By Erin Delmore
Student loan debt is plaguing more people than ever before, according to a new study conducted by the George Washington University School of Business. In just 10 years, the number of people dealing with debt has doubled.
“The price of education has gone up. In fact, it has gone up faster than inflation and wage growth,” said Dr. Annamaria Lusardi of the Global Financial Literacy Excellence Center at George Washington University School of Business.
A record 43 million Americans owe more than a trillion dollars in outstanding student debt. That sum’s increased five-fold since 2003. More than a third of borrowers are late with their payments and more than half regret their borrowing.
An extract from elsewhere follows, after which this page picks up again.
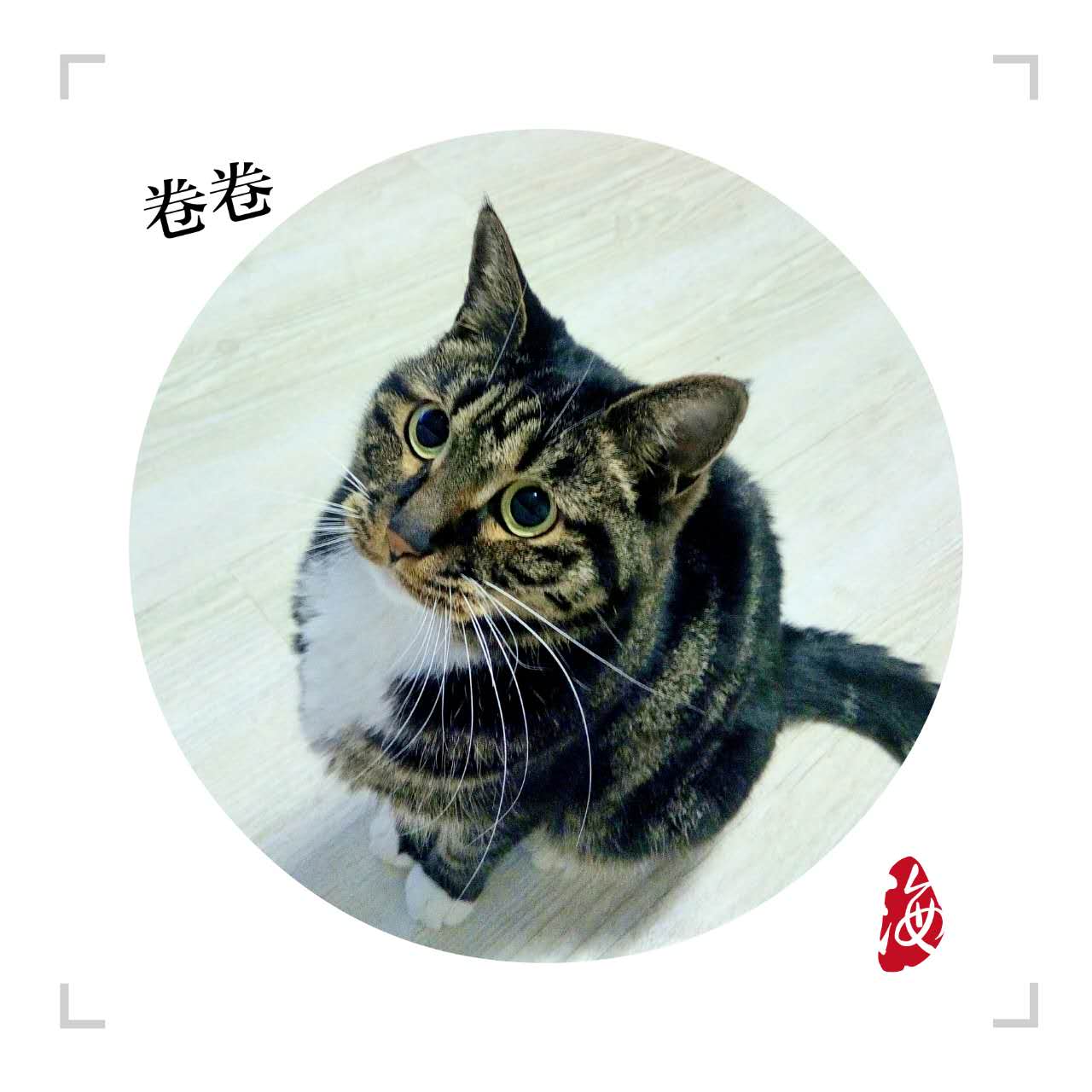 鿴ͼƬ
“I think it’s a part of literacy, not knowing the loans that you’re signing on for, not understanding how the interest rate accrues, not understanding that you’ll end up paying more than you’re actually borrowing,” said Giancarlo Tello, a master’s student at Rowan University and student representative at the College Affordability Study Commission.
New Jersey students rank ninth in the nation. The average borrower carries more than $30,000 in debt. Nearly two-thirds of students in the Garden State have loans, and that right there is the good news.
“The rate’s actually gone down. It was 70 percent two years ago. It was 68 percent last year and the most recent class of 2015, the data that we’ve received indicate that 66 percent of the students — and this is the whole graduating class, public and private institutions in New Jersey,” said New Jersey Association of State Colleges and Universities Executive Director Michael Klein.
At Rutgers University in New Brunswick, nearly 60 percent of students graduate with debt hovering around $25,000, according to a study by LendEDU, a consolidation and refinancing service. It’s closer to 50 percent at Rutgers-Newark, above 70 percent at Rutgers-Camden. At Rowan, Kean and Stockton universities, three-quarters of the graduating class has student debt, similar to Stevens Institute of Technology, Monmouth University and Rider University on the private side. Nearly all students at Bloomfield College — 95 percent — graduated with debt. Just 16 percent at Princeton University.
“What’s really driving the cost of higher ed, certainly in the public sector, has been the decrease in public support for our institutions from the state,” Klein said.
A disproportionate share of students who default on their debt owe $5,000 or less. The heaviest burden falls on those who don’t complete their degrees.
“While we’re seeing graduates who can no longer afford to buy a home or a car, still living with their parents and that their parents are incurring some of that debt,” Tello said.
We know the vast majority of student loan debt is carried by young people. That includes graduate students, undergrads and people in pre-professional programs. But experts say it would be beneficial to break down the data to figure out who, exactly, is taking on the most debt and how best to support them.